Un extrait d’une tirade du personnage de Caliban interprété par Leggs, excellent acteur, mais susceptible, trentenaire, ancien toxicomane, incarcéré pour trafic de stupéfiants et agression : You been callin’ me a monster, but who’s more monstrous than you ? You stole, you cheated, you bribed, you lied, You didn’t care who you kicked aside, You called me dirty, you called me a scum, You called me a criminal, a no-good bum, But you’re a white collar crook… Tu m’as traité de monstre, mais qui est plus monstrueux que toi ? Tu as volé, tu as triché, tu as soudoyé, tu as menti, Tu n’as pas fait attention à celui que tu as mis à l’écart, Tu m’as considéré comme crasseux, tu m’as traité comme une ordure, Tu m’as traité de criminel, de clochard minable, Mais tu n’es qu’une crapule en col blanc…
Félix, qui est au bout du rouleau, dialogue encore avec sa fille décédée il y a une dizaine d’années et la considère comme sa Miranda, enfant de Prospero tous deux principaux personnages de la pièce également victimes de trahison. Le choix de faire interpréter La Tempête aux acteurs novices incarcérés n’est pas innocent : cette œuvre ressemble à ce qu’a vécu Félix lors de son éviction du poste de directeur de théâtre : une mise au ban de la société tout comme ce que subissent les détenus. Félix fait travailler les jeunes délinquants avec qui s’installe un rapport complice. Les comédiens sont également surprenants par la force émotionnelle qui ressort de leurs personnages. Un peu plus tard, le centre de détention prévoit de donner une représentation du spectacle devant des politiciens locaux parmi lesquels figurent les responsables du triste sort de Félix… Hag-Seed, graine de sorcière, une idée germe dans l’esprit de Félix, le spectacle de La Tempête sera ébouriffant et comme dans la pièce initiale, justice sera faite…Margaret Atwood, Penguin Random House, octobre 2016
Margaret Eleanor « Peggy » Atwood est une romancière, poétesse et critique littéraire canadienne née en 1939. Fille de Carl Edmund Atwood, zoologue, et de Maragaret Dorothy Killiam, nutritionniste, elle a passé la majeure partie de son enfance entre les forêts du nord du Québec, Sault Sté. Marie et Toronto. Atwood a commencé à écrire à l’âge de 16 ans. En 1957, elle débute ses études au collège Victoria à l’Université de Toronto. Elle a notamment suivi les cours de Jay Macpherson et Northrop Frye. Elle obtient un baccalauréat ès arts en anglais (avec des mineures en philosophie et en français) en 1961.
Après avoir reçu la médaille E. J. Pratt pour son recueil de poèmes « Double Perséphone » (1961), elle poursuit ses études à Harvard, au Radcliffe College, dans le cadre d’une bourse Woodrow Wilson. Elle est diplômée en 1962 avant de continuer ses études à l’Université Harvard pendant quatre ans. Elle enseigne à University of British Columbia (1965), à Sir George Williams University à Montréal (1967-1968), à University of Alberta (1969-1979), à York University à Toronto (1971-1972), et à l’Université de New York.

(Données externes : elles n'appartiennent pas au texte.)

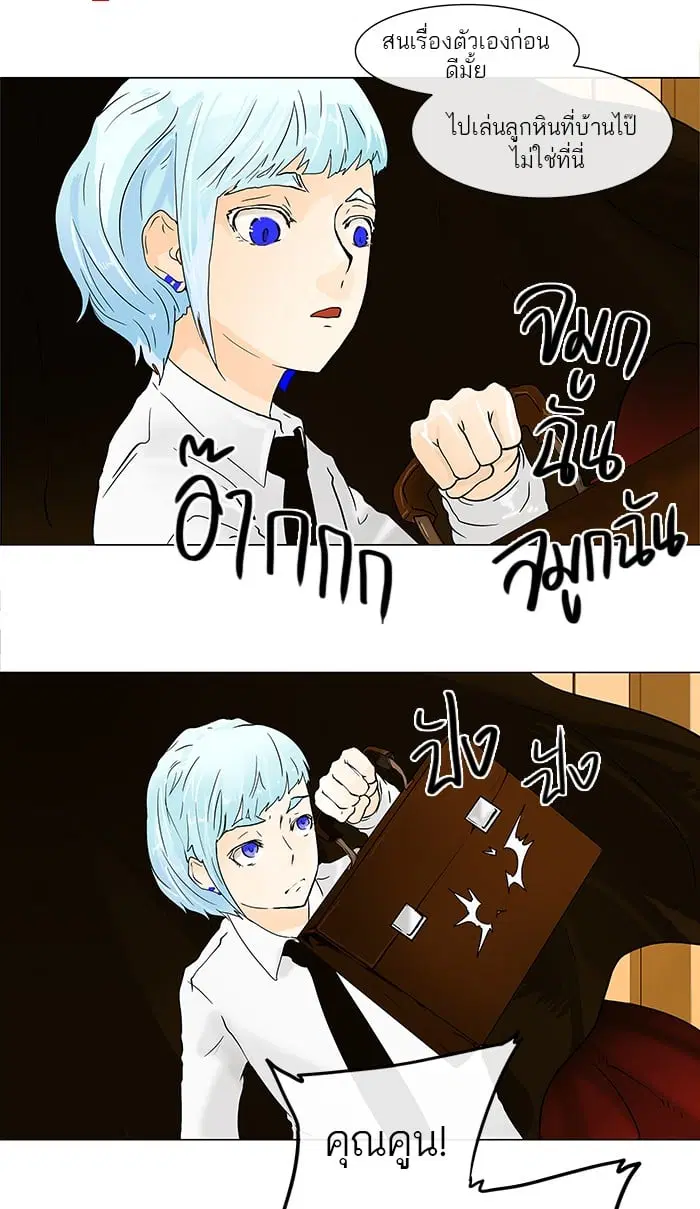 Tower of God ตอนที่ 23 หน้า 15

Le Prix Arthur C. Clarke lui a été décerné en 1987 pour son roman « La Servante écarlate » (The Handmaid’s Tale, 1985). Le livre a été adapté au cinéma par Volker Schlöndorff en 1990 et a fait l’objet d’une série télévisée en 2017. Elle a remporté le Booker Prize en 2000 pour son roman « Le Tueur aveugle » (The Blind Assassin).
Lors de l’élection fédérale canadienne de 2008, elle a accordé son appui au Bloc québécois, parti prônant la souveraineté du Québec. La même année elle reçoit le Prix Prince des Asturies.